Your instructions: Print, exactly as they stand, the lines from the start of the listing to the line containing "GeoIPy icône", inclusive.

Data:
+++

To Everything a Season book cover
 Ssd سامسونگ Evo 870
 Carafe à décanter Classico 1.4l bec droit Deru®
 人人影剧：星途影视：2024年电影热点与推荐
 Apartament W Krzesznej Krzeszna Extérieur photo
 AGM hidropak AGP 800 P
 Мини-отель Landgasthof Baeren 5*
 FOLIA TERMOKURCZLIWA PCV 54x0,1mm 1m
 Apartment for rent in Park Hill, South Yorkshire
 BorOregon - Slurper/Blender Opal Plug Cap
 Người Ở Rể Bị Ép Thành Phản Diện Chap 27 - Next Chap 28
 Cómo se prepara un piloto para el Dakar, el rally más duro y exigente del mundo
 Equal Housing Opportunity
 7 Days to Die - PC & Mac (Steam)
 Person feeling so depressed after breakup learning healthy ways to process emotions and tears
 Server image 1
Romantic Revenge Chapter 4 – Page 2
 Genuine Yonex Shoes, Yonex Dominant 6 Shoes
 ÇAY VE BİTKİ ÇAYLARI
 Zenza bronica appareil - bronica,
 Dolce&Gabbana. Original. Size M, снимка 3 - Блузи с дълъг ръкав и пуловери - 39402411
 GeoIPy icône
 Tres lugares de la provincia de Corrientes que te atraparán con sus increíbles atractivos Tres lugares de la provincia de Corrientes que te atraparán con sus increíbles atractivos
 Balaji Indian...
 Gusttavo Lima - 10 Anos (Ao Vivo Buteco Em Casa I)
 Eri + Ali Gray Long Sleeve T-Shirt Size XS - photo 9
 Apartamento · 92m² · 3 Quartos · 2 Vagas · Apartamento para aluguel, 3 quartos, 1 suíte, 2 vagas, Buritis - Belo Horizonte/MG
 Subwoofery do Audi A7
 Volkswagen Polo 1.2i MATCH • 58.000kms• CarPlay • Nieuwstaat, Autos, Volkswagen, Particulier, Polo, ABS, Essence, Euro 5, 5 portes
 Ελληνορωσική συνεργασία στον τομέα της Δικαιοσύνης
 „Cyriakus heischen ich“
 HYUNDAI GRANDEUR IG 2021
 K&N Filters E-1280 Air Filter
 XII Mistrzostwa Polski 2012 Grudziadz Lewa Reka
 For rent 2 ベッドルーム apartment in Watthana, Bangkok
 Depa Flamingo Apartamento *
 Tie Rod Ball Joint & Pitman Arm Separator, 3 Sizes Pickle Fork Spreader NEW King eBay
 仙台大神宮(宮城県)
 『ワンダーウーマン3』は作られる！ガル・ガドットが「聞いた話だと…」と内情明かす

+++

Task result:
To Everything a Season book cover
 Ssd سامسونگ Evo 870
 Carafe à décanter Classico 1.4l bec droit Deru®
 人人影剧：星途影视：2024年电影热点与推荐
 Apartament W Krzesznej Krzeszna Extérieur photo
 AGM hidropak AGP 800 P
 Мини-отель Landgasthof Baeren 5*
 FOLIA TERMOKURCZLIWA PCV 54x0,1mm 1m
 Apartment for rent in Park Hill, South Yorkshire
 BorOregon - Slurper/Blender Opal Plug Cap
 Người Ở Rể Bị Ép Thành Phản Diện Chap 27 - Next Chap 28
 Cómo se prepara un piloto para el Dakar, el rally más duro y exigente del mundo
 Equal Housing Opportunity
 7 Days to Die - PC & Mac (Steam)
 Person feeling so depressed after breakup learning healthy ways to process emotions and tears
 Server image 1
Romantic Revenge Chapter 4 – Page 2
 Genuine Yonex Shoes, Yonex Dominant 6 Shoes
 ÇAY VE BİTKİ ÇAYLARI
 Zenza bronica appareil - bronica,
 Dolce&Gabbana. Original. Size M, снимка 3 - Блузи с дълъг ръкав и пуловери - 39402411
 GeoIPy icône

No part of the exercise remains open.